- **The task**
Return the run of lines below that opens with the line containing "Czy w mieście" and closes with the line containing "Ollie tábua de", keeping each one exact.

Scraped caption text data:
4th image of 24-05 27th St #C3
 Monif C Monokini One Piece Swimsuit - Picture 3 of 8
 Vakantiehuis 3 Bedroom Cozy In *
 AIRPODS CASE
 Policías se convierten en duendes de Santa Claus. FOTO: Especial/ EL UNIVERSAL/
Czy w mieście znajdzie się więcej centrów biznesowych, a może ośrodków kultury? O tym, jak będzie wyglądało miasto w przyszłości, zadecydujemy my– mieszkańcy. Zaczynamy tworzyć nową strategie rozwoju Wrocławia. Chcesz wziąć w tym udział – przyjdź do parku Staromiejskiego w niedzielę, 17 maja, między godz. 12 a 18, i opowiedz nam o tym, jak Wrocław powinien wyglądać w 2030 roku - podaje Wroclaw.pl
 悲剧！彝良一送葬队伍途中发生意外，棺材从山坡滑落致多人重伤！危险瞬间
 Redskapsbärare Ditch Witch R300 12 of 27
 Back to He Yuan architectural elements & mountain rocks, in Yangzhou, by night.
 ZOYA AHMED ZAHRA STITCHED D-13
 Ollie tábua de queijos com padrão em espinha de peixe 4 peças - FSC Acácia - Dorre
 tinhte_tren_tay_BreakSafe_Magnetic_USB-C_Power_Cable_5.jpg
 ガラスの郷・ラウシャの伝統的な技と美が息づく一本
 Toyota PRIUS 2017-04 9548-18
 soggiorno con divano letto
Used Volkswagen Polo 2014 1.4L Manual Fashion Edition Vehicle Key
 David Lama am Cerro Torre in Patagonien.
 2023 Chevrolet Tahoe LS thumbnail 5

- **Finished task**
Czy w mieście znajdzie się więcej centrów biznesowych, a może ośrodków kultury? O tym, jak będzie wyglądało miasto w przyszłości, zadecydujemy my– mieszkańcy. Zaczynamy tworzyć nową strategie rozwoju Wrocławia. Chcesz wziąć w tym udział – przyjdź do parku Staromiejskiego w niedzielę, 17 maja, między godz. 12 a 18, i opowiedz nam o tym, jak Wrocław powinien wyglądać w 2030 roku - podaje Wroclaw.pl
 悲剧！彝良一送葬队伍途中发生意外，棺材从山坡滑落致多人重伤！危险瞬间
 Redskapsbärare Ditch Witch R300 12 of 27
 Back to He Yuan architectural elements & mountain rocks, in Yangzhou, by night.
 ZOYA AHMED ZAHRA STITCHED D-13
 Ollie tábua de queijos com padrão em espinha de peixe 4 peças - FSC Acácia - Dorre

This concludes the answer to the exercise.